Я понимал, что действовать нужно быстро, но я боялся.
Я выбрал понедельник — спокойный день в любом магазине. Однако не был уверен, что спокойствие мне на руку. Может, в людную субботу лучше? Тихий день… оживленный день — мои решения противоречили друг другу, словно параллельные зеркала. Я потерял сон, стал груб с друзьями и практически бессилен с любовницами, терял деловую хватку. Надо было выбирать, и я выбрал понедельник. Стоял октябрь, сеял мелкий унылый дождик. Я дал шоферу выходной и сам приехал в магазин. Надо ли рабски следовать глупым условностям и описывать первое жилище моей ненаглядной Хелен? Оно мне неинтересно. Большой магазин, универмаг, торгующий исключительно одеждой и сопутствующими дамскими товарами. Эскалаторы, душная атмосфера скуки. Будет. Я выстроил план. И вошел внутрь.

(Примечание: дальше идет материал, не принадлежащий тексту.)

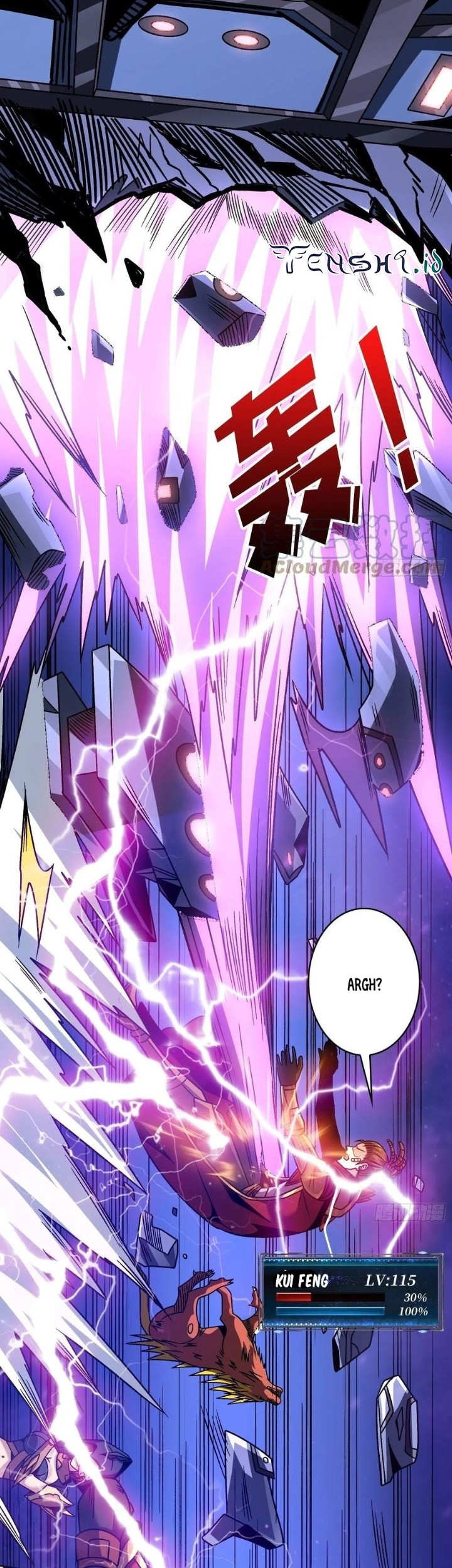 King Account At The Start Chapter 229 Gambar 27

Надо ли вдаваться в детали переговоров до того момента, когда драгоценность оказалась в моих руках? Ладно, быстро и кратко. Я обратился к продавщице. Она переговорила с другой. Обе кликнули третью, которая послала четвертую за пятой, и та оказалась младшей приказчицей, отвечающей за оформление витрин. Учуяв мои богатство и власть, но не тревогу, они роились вокруг меня, точно любопытная детвора. Я уведомил, что просьба моя необычна, и они беспокойно переминались с ноги на ногу, избегая моего взгляда. Я говорил напористо, обращаясь к пяти девушкам разом. Мол, хочу купить пальто, выставленное в витрине. Подарок жене, сказал я; еще мне угодно приобрести ботинки и шарф, представленные с пальто. Женин день рожденья, поведал я. Мне нужен и манекен (ах, моя Хелен!), дабы наряд предстал во всей красе. Я посвятил девиц в свою маленькую праздничную хитрость: изобрету какой-нибудь обычный домашний повод, чтобы заманить жену в спальню, она войдет, а там… Представляете? Я живописал эту сцену, внимательно наблюдая за девушками. Я попал. Переживая смак сюрприза, они улыбались и переглядывались. И осмелились смотреть мне в глаза. Надо же, какой муж! Каждая представила себя моей женой. Разумеется, я готов приплатить… Нет-нет, и речи быть не может, сказала приказчица. Меня просят принять это как подарок от магазина. Она повела меня к витрине. Я шел за ней сквозь кроваво — красную пелену. Ладони мои взмокли. Красноречие иссякло, язык прилип к нёбу, и я смог лишь слабо махнуть рукой в сторону Хелен. «Вон та», — прошептал я.